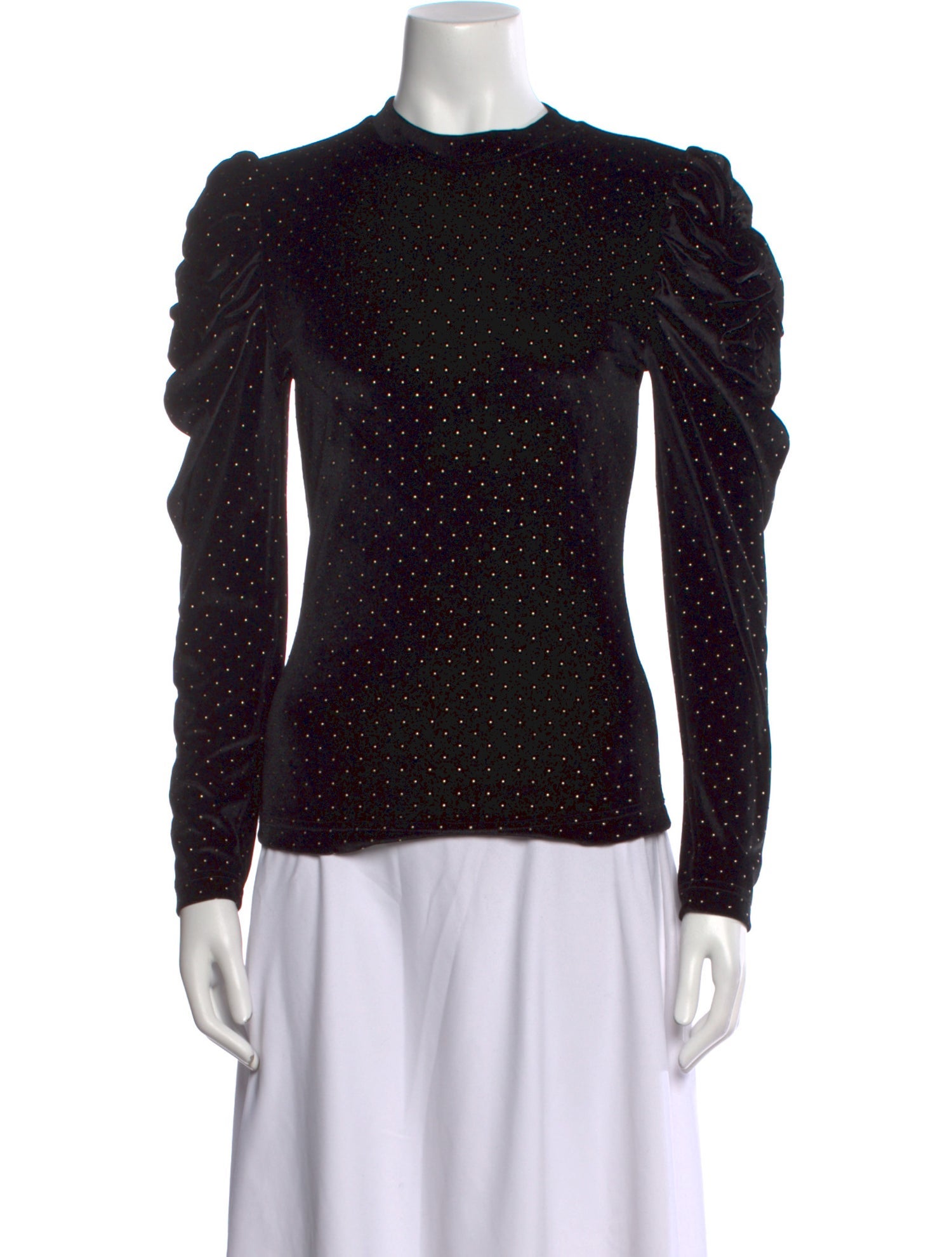 Tanya Taylor Polka Dot Print Mock Neck Sweatshirt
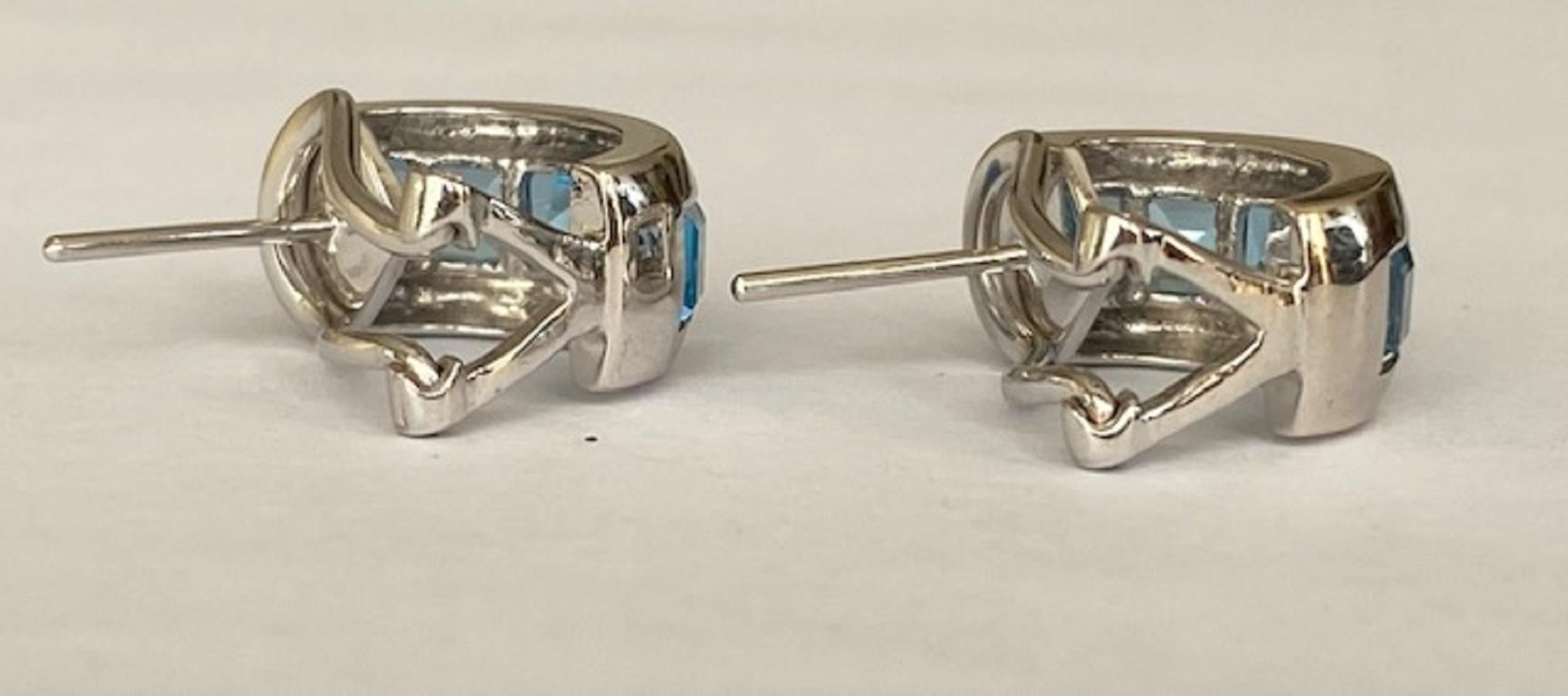 18 Kt. Cerchi in oro bianco  Orecchini con 4,00 Ct  Topazio blu svizzero in vendita 5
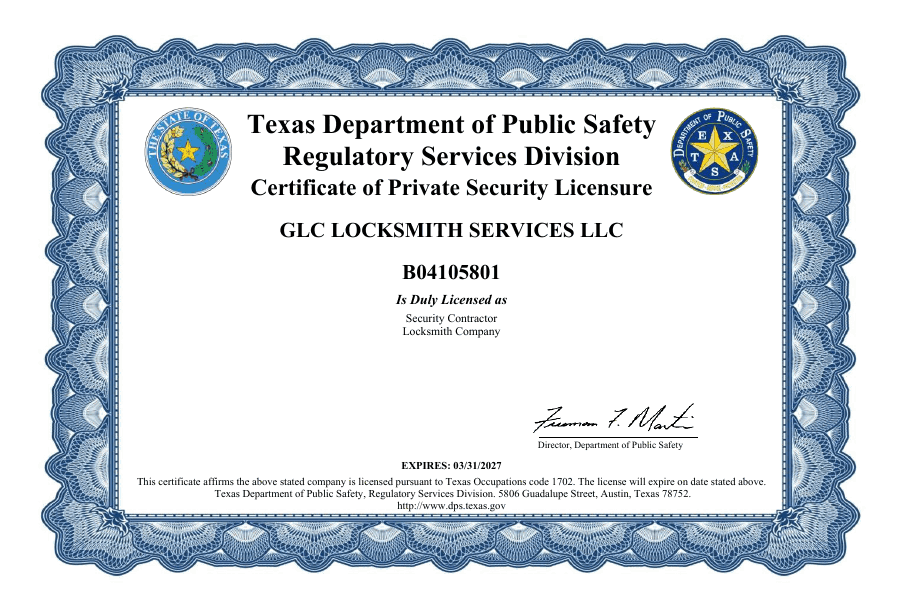GLC Locksmith Service - Texas Department of Public Safety Certificate of Licensure #B04105801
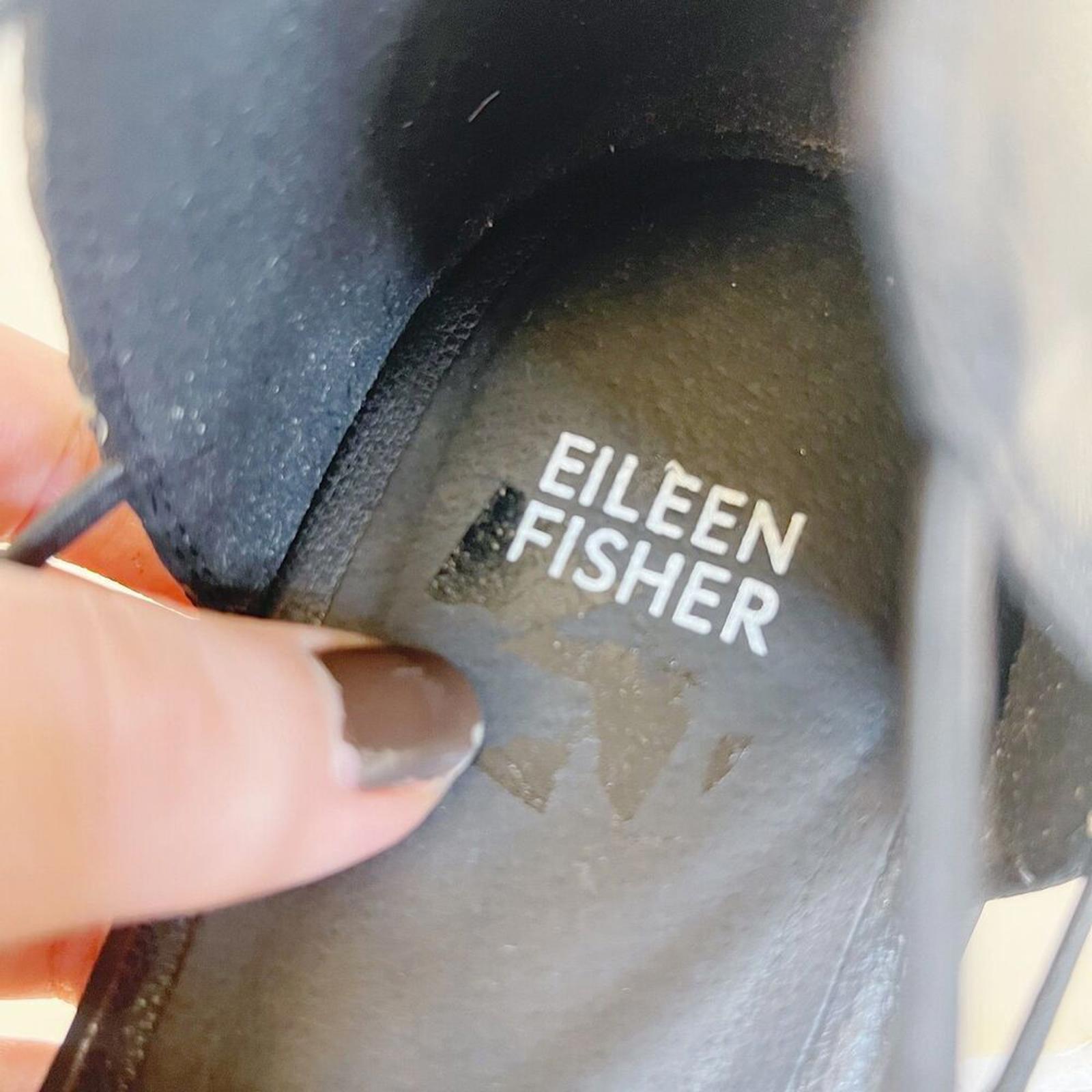 Eileen Fisher Black Leather D' Orsay Sandal Flats Women's Size 11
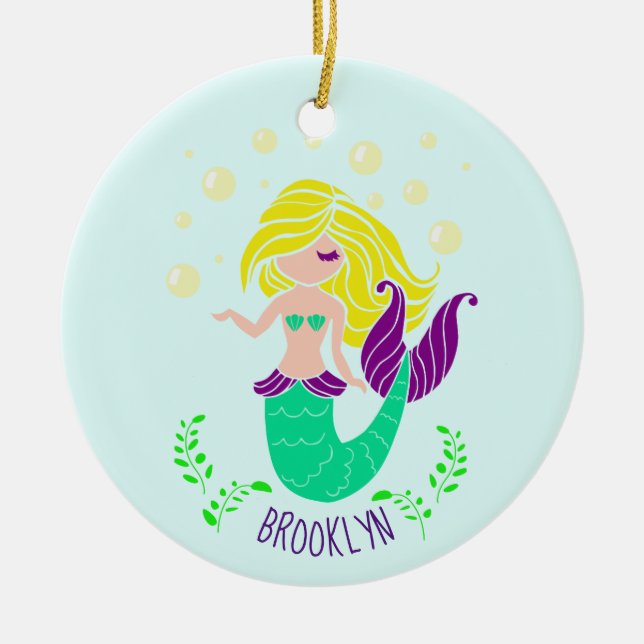 Personalised Mermaid Ornament (Front)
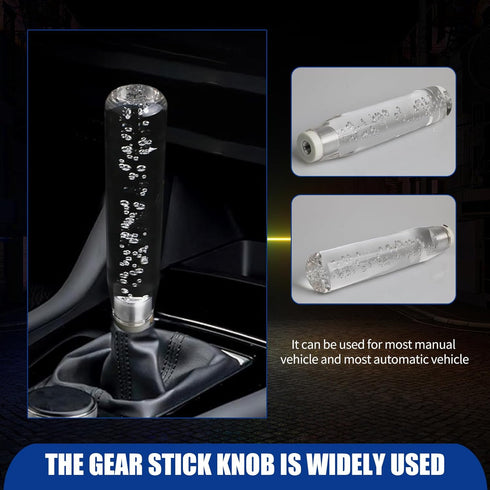 1 PC Car Personalized Gear Shift Head, LED Illuminated Crystal Bubble Shift Knob Wave Stick Head, 7.87" Cool Shift Head, Replacement Modification ...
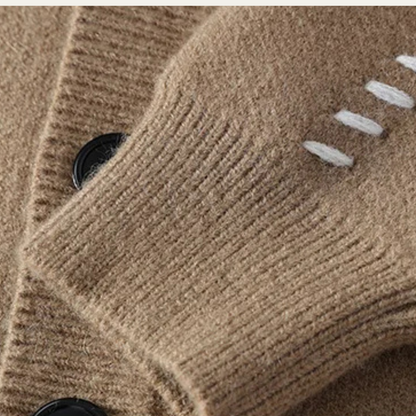 VogeLuxe | Men's V-Neck Cardigan with Black Buttons 2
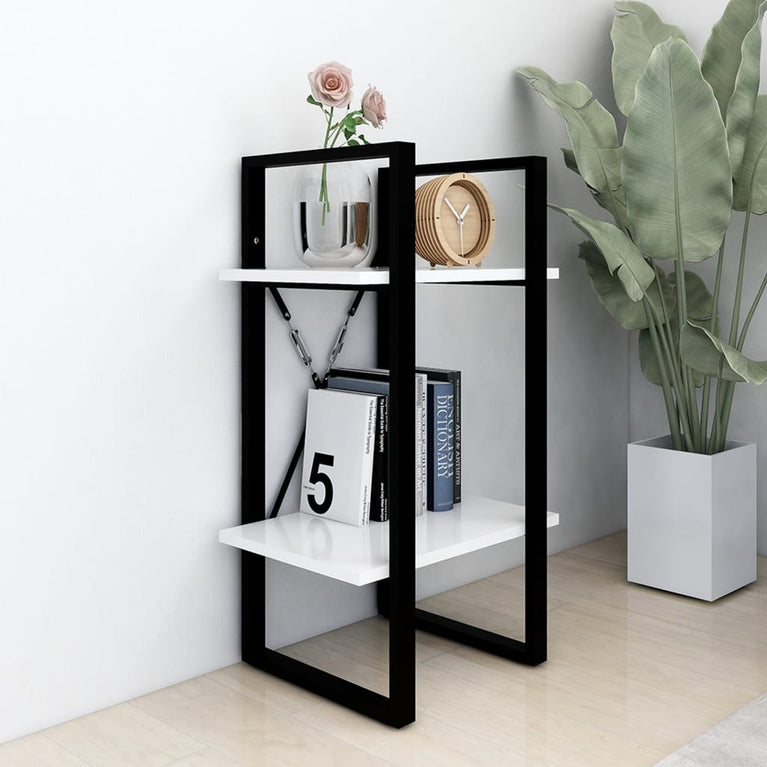 Boekenkast met 2 schappen 40x30x70 cm bewerkt hout wit MeubelReus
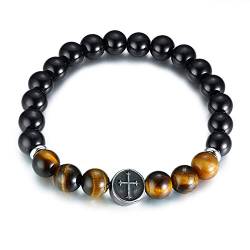 Cupimatch Kugel Armband Herren Vintage Tigerauge Kreuz zum Gebet Perlenarmband von Cupimatch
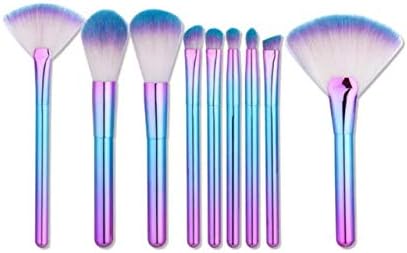 9шт набор кистей для макияжа Fantasy Makeup Brush Set Основа для макияжа лица пудра Контурные тени для век Веер для бровей Косметический консилер Кисть для растушевки губ (красочная алюминиевая ручка), фото 3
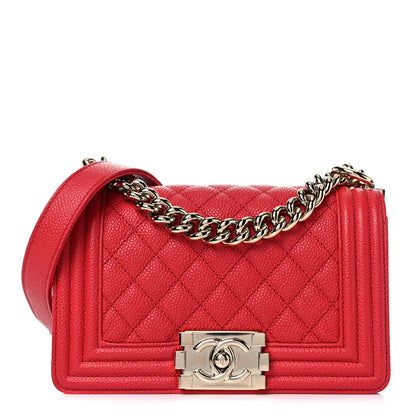 Chanel Caviar Quilted Small Boy Flap Red 1 of 11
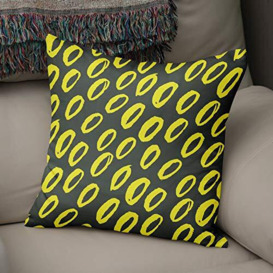 Bonamaison Decorative Cushion Cover Neon Yellow & Fume, Throw Pillow Covers, Home Decorative Pillowcases for Livingroom, Sofa, Bedroom, Size: 43X43 Cm - Designed and Manufactured in Turkey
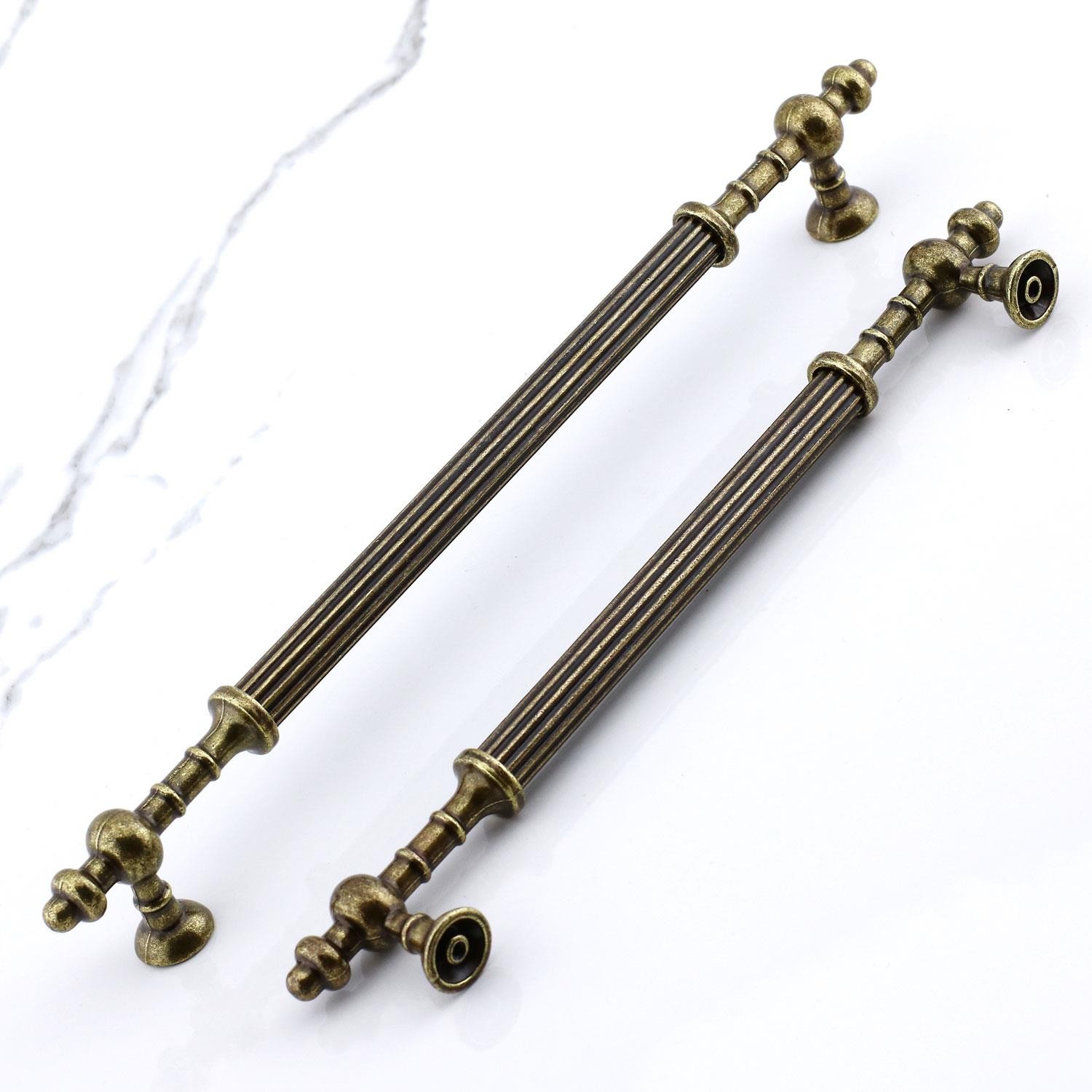 Kader Eskitme Antik Sarı Metal Kulp 128 mm - 12.8 cm Mobilya Mutfak Dolabı Dolap Kulpları Kulbu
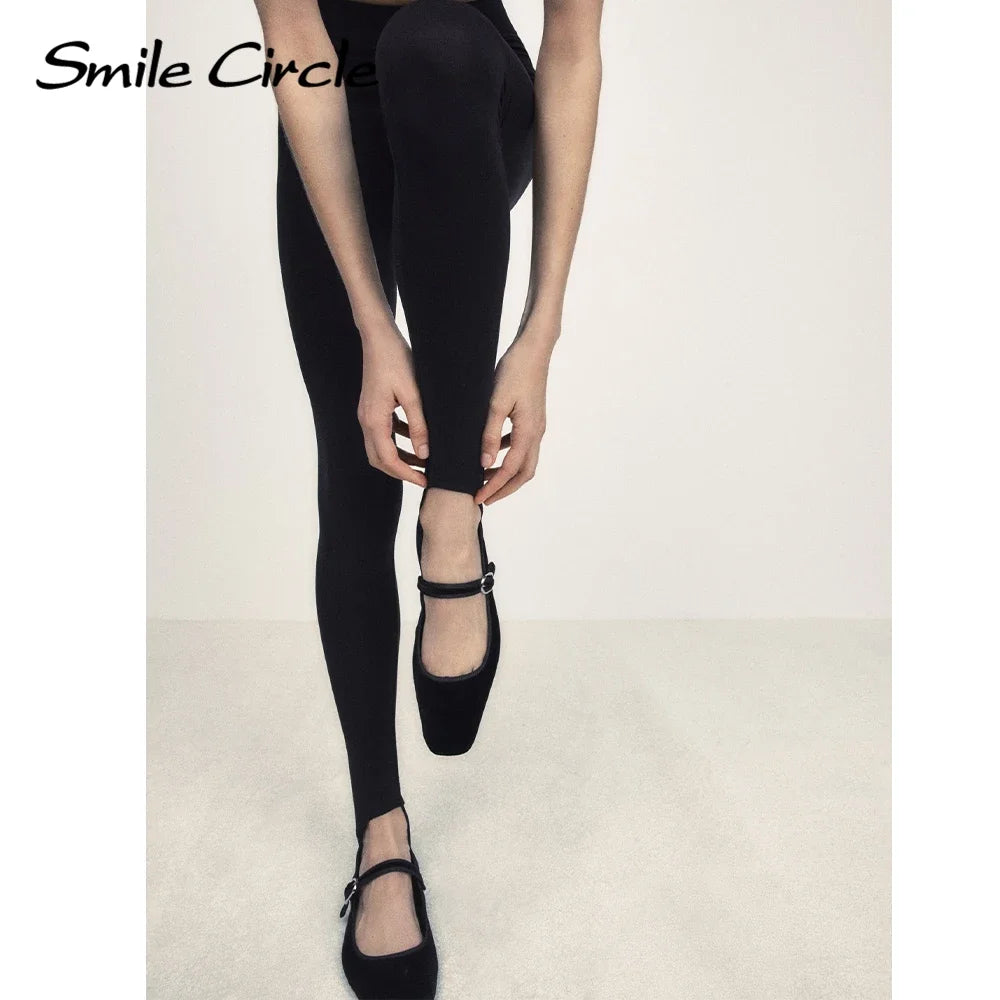 Smile Circle Velvet Mary Jane Ballet Flats Women IN USA.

+ + + + + + +

### EXERCISE BRIEF
Make an exact copy of the lines above, starting at the line that contains "Chanel Caviar Quilted" and running through the final line of the entries. Omit the pictures.

### THE ANSWER
 Chanel Caviar Quilted Small Boy Flap Red 1 of 11
 Bonamaison Decorative Cushion Cover Neon Yellow & Fume, Throw Pillow Covers, Home Decorative Pillowcases for Livingroom, Sofa, Bedroom, Size: 43X43 Cm - Designed and Manufactured in Turkey
 Kader Eskitme Antik Sarı Metal Kulp 128 mm - 12.8 cm Mobilya Mutfak Dolabı Dolap Kulpları Kulbu
 Smile Circle Velvet Mary Jane Ballet Flats Women IN USA.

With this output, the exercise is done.